These developments do not necessarily spell the end of Usenet. Rather, they may herald a return to the facility's halcyon days as a vehicle for serious scholarly and scientific exchange. The NASA sponsored news group, sci.space.news, for instance, carries up to date press releases and mission itineraries, and contains almost no spurious messages.. The group is moderated, and reader comments are re-directed to another group, called sci.space.policy.

Methods

We felt that the usefulness of message contents could be functions of the posters' proper use of jargon appropriate to a given field, their provision of references (whether direct or indirect), and their stylistic familiarity with the medium. We subsequently adapted the methods used in this study in our examination of Web authorship. After examining several groups on the screen, we were able to arrive at several specific hypotheses.

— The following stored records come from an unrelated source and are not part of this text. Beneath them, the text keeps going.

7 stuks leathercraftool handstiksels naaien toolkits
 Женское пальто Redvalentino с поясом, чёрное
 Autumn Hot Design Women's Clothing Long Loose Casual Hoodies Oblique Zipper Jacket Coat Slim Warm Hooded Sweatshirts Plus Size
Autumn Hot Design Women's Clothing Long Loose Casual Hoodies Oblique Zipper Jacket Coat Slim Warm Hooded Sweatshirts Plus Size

In particular, we felt that the use of technical jargon appropriate to a field, and the contribution of authoritative or verifiable material in postings about that field, might be predicted from the path, from, subject, and physical extent fields of the posting headers. The manner in which we operationalized the dependent and independent variables is outlined below.

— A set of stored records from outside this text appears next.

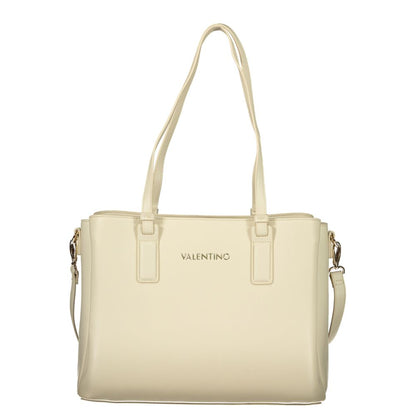 Mario Valentino Beige Polyurethane Women's Bag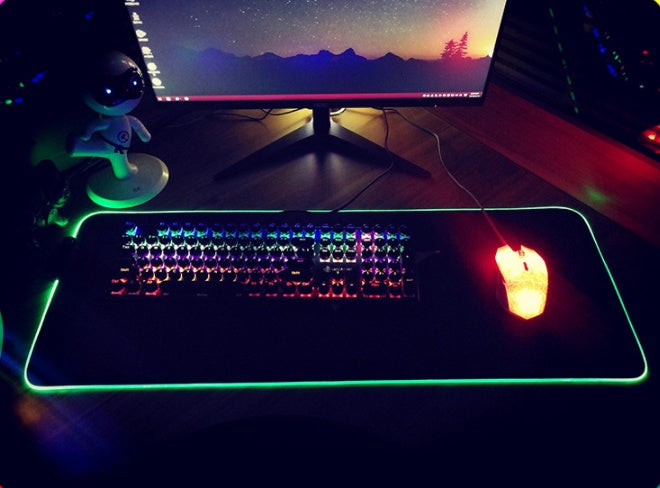 Electronic - Office - RGB Mouse Pad Luminous LED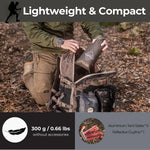 Lightweight Poncho Shelter, Solitary Shelter Cape Silnylon Emergency Survival Shelter Ultralight Minimalist Shelter for Camping Hiking Backpacking Bug Out Bag | PrepWiseGear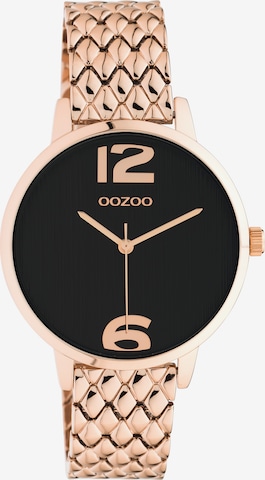 OOZOO Analog Watch in Pink: front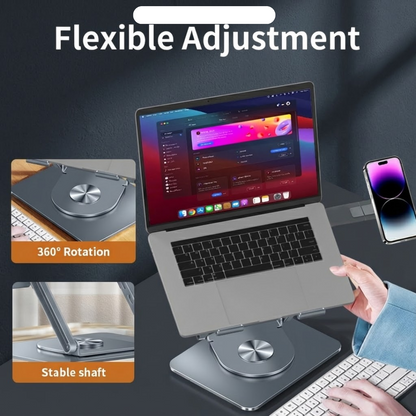 Game Gear Laptop Stand with Mobile Holder – Adjustable Ergonomic Riser for Office & Home (10–17 .3 Inch)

Our dependent variable, "Usefulness", was determined by collapsing measures of the use of appropriate technical jargon, and of evident relevance to the expressed title or topic given in the "subject" line.

Independent variables proposed included: the number of cross-postings to other groups, the length of the documents themselves, the domains of origin of the senders, and their use of actual rather than proxy addresses.

Two Usenet Newsgroups related to philosophy were chosen for this study. We chose these groups because we were familiar with technical or professional philosophy , and felt we would be able to identify direct or oblique references to its recognized practitioners and arguments. We chose philosophy groups because we felt, due to our previous academic degrees, that we would be competent to recognize the terms and concerns of professional philosophers when they occurred in the texts of News documents.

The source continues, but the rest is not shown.